Pressé par les questions pertinentes de la délégation, le plus âgé des Ahl Ethmane a fini par dire que ses esclaves sont leurs frères « presque » car, depuis longtemps avec eux, comme déjà leur grand-mère. Mais, il reconnait leur non scolarisation.
Conséquences
Le lendemain, le convoi des gendarmes et du Hakem emmènent tous les esclaves à Kaédi sous la surveillance de Alioune Ould Manza, au quartier Kebbé, littéralement, « bidonville », « dépotoir » de la ville de Kaédi. Ils s’y trouvent, actuellement, dans une situation déplorable, à la fois ignorants, analphabètes et très pauvres.
Les traces des tortures sont visibles sur leur corps, comme l’ont constaté divers témoins. L’Etat les a abandonnés, à Kebbé sans rien, dans le dénuement et le désespoir. Leurs maîtres ne sont pas punis ni même sanctionnés ou blâmés pour ce fait inhumain.
La famille de serviteurs revendique ses droits, avec insistance.
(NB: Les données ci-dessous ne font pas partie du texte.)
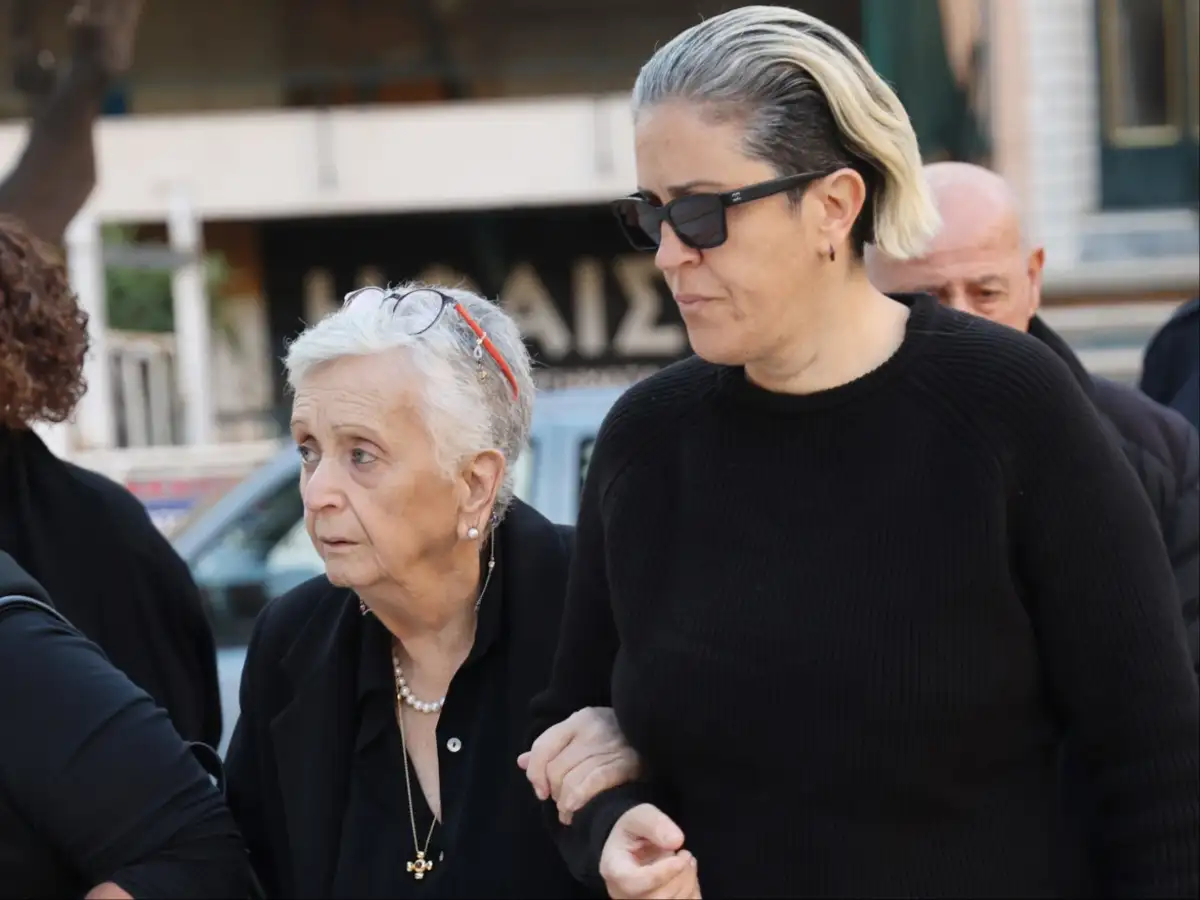 Μαρία Μαζωνάκη: «Πάρε και την καρδιά μου» – Η συγκινητική ανάρτηση μετά το 40ήμερο μνημόσυνο του αδελφού της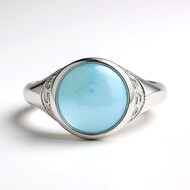 Anillo en plata con Larimar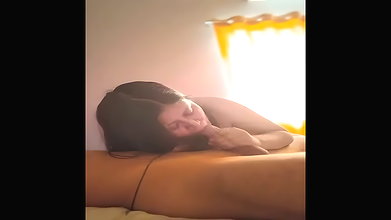 Romantic Gaanon Ke Beech Moti Chuchiyan Hilate Hue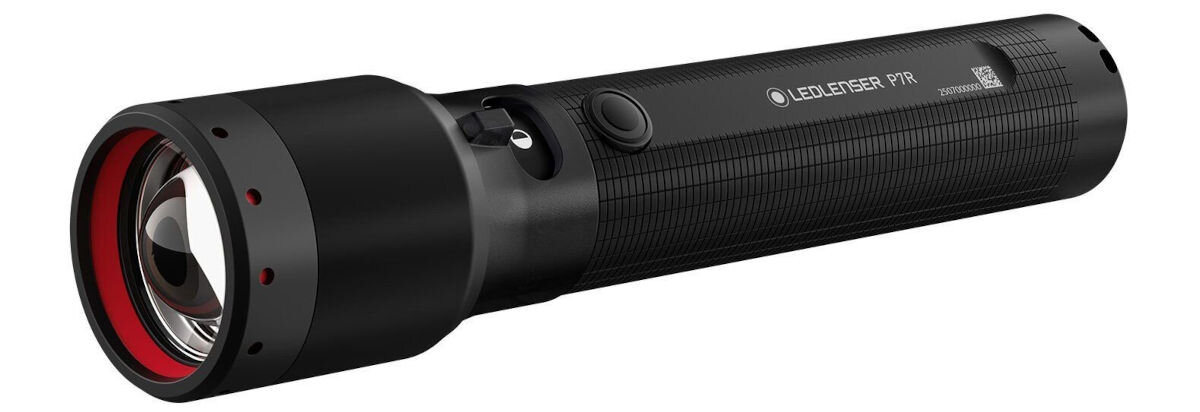 Latarka LEDLENSER P7R, lumeny, oświetla, zasięg, tryby, na białym tle latarka frontem prawo skos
La mère est muette parce qu’un jour, partie garder les chèvres, elle n’avait plus d’eau ; au retour, très assoiffée et faute de mieux, elle a bu du beurre rance et est tombée vite malade ; elle perdit alors la parole et l’ouïe. Il est à rappeler que l’une de ses sœurs, un jour qu’elle s’occupait de l’installation des tentes et du nettoyage, a été mordue par un serpent et en décéda.
Les esclaves de Ahl Ethmane prétendent avoir un père dont ils ignorent le nom ; tous ont le teint clair comme leurs maîtres sauf Leghdaf et Sleileme, de peau noire.
Dans l’immédiat, le scandale, encore un, engage la responsabilité matérielle de l’Etat qui est tenu d’accorder, d’urgence, assistance économique et de santé aux victimes. De même, l’autorité administrative, qui laisse les coupables en liberté, devra rendre compte de tels gestes d’encouragements aux autres auteurs d’esclavage sur le territoire mauritanien.